Tapi ternyata tidak bagi si teman ini.

“Dimana-mana berita kemenangan Pilpres,” katanya gusar.

“Apa yang salah dari pemberitaan itu?” tanyaku masih kebingungan. Tak ada yang kontraversi dari semua pemberitaan itu. Apa yang salah?

Menurutnya, pemberitaan seputar Pilpres, dimana disebutkan kemenangan di sejumlah TPS salah satu capres pemenang menurut versi Quick Count adalah salah. Setidaknya ada yang mencurigakan dari pemberitaan itu.

“Lihat saja,” katanya setengah berteriak, “Media lebih banyak menyebutkan kemenangan SBY di TPS-TPS tertentu, sementara untuk kedua kandidat lainnya jarang bahkan tak sedikit pun disebutkan. Apa kalian tidak melihat ada yang kurang beres dari semua pemberitaan itu?”

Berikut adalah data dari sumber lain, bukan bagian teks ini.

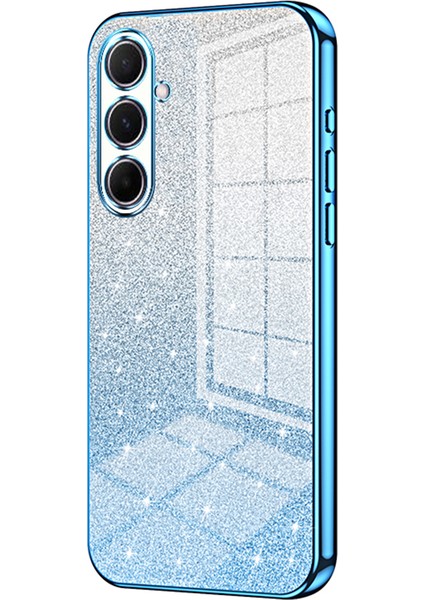 Samsung Galaxy A56 5g Kılıf Galvanik Degrade Glitter Tpu Telefon Kapağı-Mavi Için (Yurt Dışından)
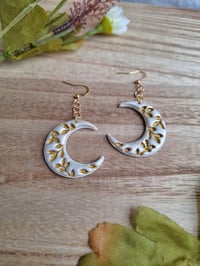 Image 8 of Whimsical Floral Moon Earrings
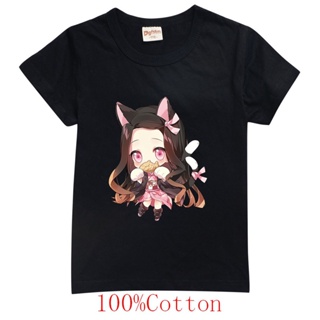 Demon Slayer Cartoon Summer Girls Short Sleeve T Shirt Boys New T Shrits Tops Kids Tee Shirt Clothing Children Shor_03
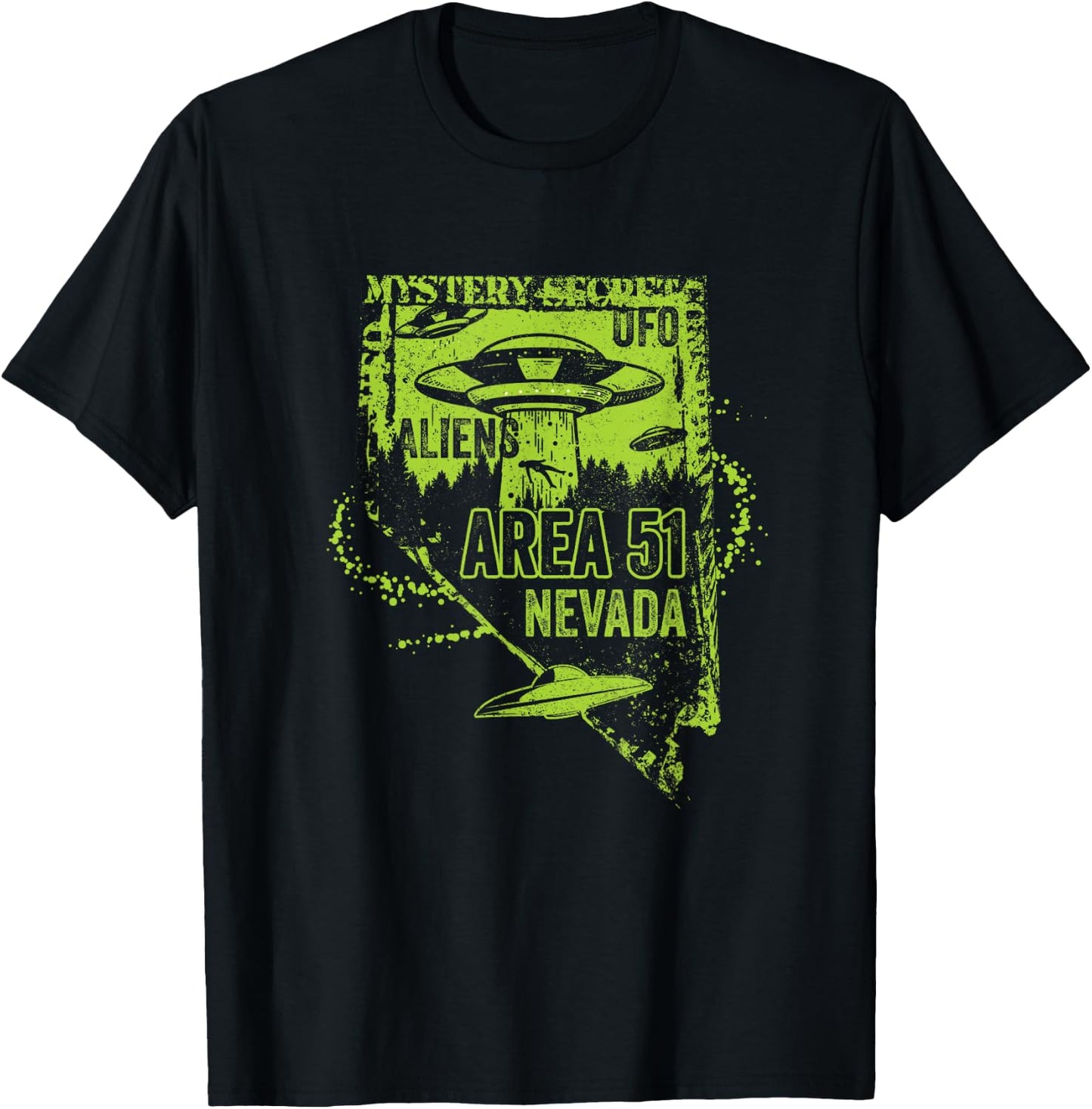UFO Distressed Area 51 Alien Extraterrestrial Flying Saucer T-Shirt - T-Shirt | Black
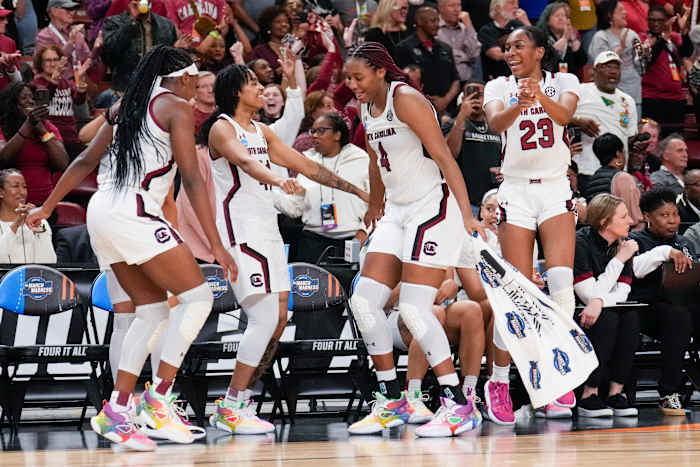 South Carolina Gamecocks bench celebrates during a game.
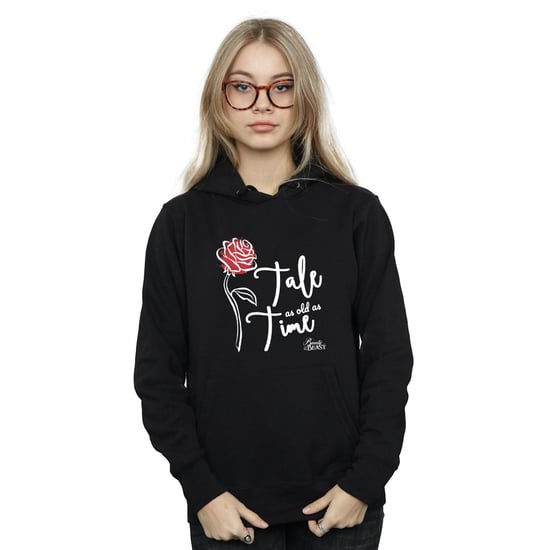 Disney Womens/Ladies Tale As Old As Time Rose Hoodie (Black)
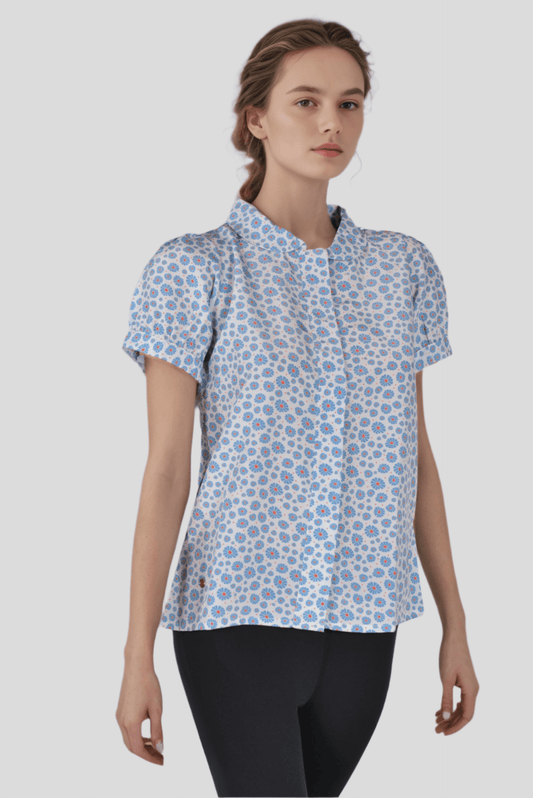 Flowers Puff Sleeve Top - DressAtR LLC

Hampir bersamaan kami menggeleng. Masih kurang yakin dengan cara beripikir teman yang sok jago menganalisis ini.
Menurutnya lagi, berbagai pemberitaan itu adalah sebuah upaya legitimasi secara tidak langsung atas kemenangan capres pemenang. Meskipun kemenangan itu sebenarnya belum legitimated. Secara tidak langsung para media ini telah menggiring opini kita bahwa capres pemenang itu memang layak jadi pemenang, tanpa harus menunggu keputusan KPU terlebih dahulu. Bukankah ini sebuah upaya sistematis yang patut dicurigai.

Kami masih belum yakin dengan argument teman tadi. Lalu ia menjelaskan berbagai teori media, termasuk tentang pendekatan analisis wacana dan framing dalam menilai sepak terjang media. Tak lupa ia menceritakan bagaimana media TV menyiarkan hasil Quick Count meski waktu perhitungan belum lagi dimulai jika melihat dari jadwal yang ada, dan bagaimana ketidaketisan dari pemberitaan itu. Dan tak lupa ia memaparkan penjelasan seorang menteri tentang kemenangan SBY di atas 60%, meski Quick Count sendiri belum dirilis hasilnya.

Di akhir kotbahnya, ia tiba-tiba bertanya dengan setengah menohok: “Menurut kalian berpihak kemana sebenarnya media kita ini?”

Tak ada yang bersuara. Setengah dari kami masih sibuk mencerna teman tadi, setengah lagi masih bengong berusaha memahami apa yang sebenarnya tengah didiskusikan.

Saya menggeleng. Tidak tahu. Bingung. Tapi kemudian saya berusaha tersenyum. Sejumlah teman yang tampaknya sudah sedikit paham juga tersenyum serupa. Tak ada yang berusaha mengajukan argument. Mungkin bingung bagaimana memulainya.

Lalu, teman itu dengan sedikit sinis dan juga miris berkata: “Apa kalian memikirkan seperti apa yang saya pikirkan?”

Kami masih tersenyum-senyum, setengah mengiyakan, setengah bingung, setengah menduga-duga.